Risk managers are particularly put off by Web sites that have problems, Mr. Higham said.

"They say the biggest problem is if they go to the insurance company's Web site and they are going to place a million-dollar policy with the company and there is some kind of problem with their Web site. It turns them off instantly, because 'if you can't put a little bit of energy into your Web site, how are you going to put energy into serving my million-dollar account?' "

Another important piece of advice is to never forget whom you are marketing to, Mr. Higham said. For example, one insurer operating in 23 countries surveyed agents in South America and Asia and found that many of its producers were using such low-level technology that they could access only simple Web sites. So, in designing its Web site, the insurer had to limit features such as the variety of color used.

"You can use all the bells and whistles and the flying globes coming in, and the little ticker tapes spinning this thing or the other, sounds or a little guy jumping out flashing at you," Mr. Higham said. "You can use whatever you want to. But if your customers can't see why they get error messages. . . .the Web site doesn't have a problem -- you have the problem."

To make a site attractive, two types of interactivity can help: passive and active.

Passive interactivity refers to features that can be placed on a site but do not require access to company databases. There is limited communication between a company's server and the user's computer. Yet such systems can contain features that include search utilities, ticker tapes and calculators for adding up things such as commissions, Mr. Higham said.

"I'm not talking about a back-end system;, it is all done on the front end," he said. "It makes you look good, and it's very cheap."

In contrast, active interactivity takes an existing company database and incorporates it into the Web site. Airlines now use such systems to allow customers to access frequent-flyer account information.

Most insurance companies, however, don't use such systems today because of the expense and security requirements for user identification and firewalls to deter unwanted system penetration.

"However, this allows you to do real-time business processing on line," Mr. Higham said. Companies that want to take their Web sites to that stage should consider in-house data systems to control costs. It is generally agreed that, for quality reasons, it is not a good idea to outsource services that affect customers, he said.

But companies do need to be online, or they will lose customers to other financial services companies that are already picking off the easy business, said Daniel Janal, Internet marketing consultant and president and chief executive officer of Janal Communications in Danville, Calif.

Nevertheless, not everyone will be buying insurance through the Internet, Mr. Higham said.

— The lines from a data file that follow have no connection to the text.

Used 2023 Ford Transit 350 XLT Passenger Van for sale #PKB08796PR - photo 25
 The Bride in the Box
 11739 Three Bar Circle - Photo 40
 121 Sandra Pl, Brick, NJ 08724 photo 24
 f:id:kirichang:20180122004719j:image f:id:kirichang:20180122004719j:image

"A lot of people in the insurance industry feel that insurance products, while they can be sold by electronic media, still have an awful long way to go because of the human interactions needed," he said. "The vast majority of insurance products are sold through insurance agents because people like to have a neck to get their hands around in case the coverage isn't in place when there is a claim."

And he said the Internet will not make agents extinct. Five years from now, 80% to 90% of complex insurance products still will be sold by agents, Mr. Higham predicted.

"However, I do believe if you are my agent and I like you and you are a good guy and you help me with different products, I will buy the product from you and you will use the Internet in some way to consummate the sale and the Internet will then service me if I want to check on a bill or claim. I don't have to call you anymore. You are now free to go sell more policies."

Just as United Parcel Service of America Inc. allows customers to track packages and other companies are making it very easy to have flowers delivered worldwide, so, too, must insurers use technology to better service customers, the experts advised.

"You have to sit down and look at your business and say, 'How can we do something to make it this easy to do business with us?' " Mr. Higham said.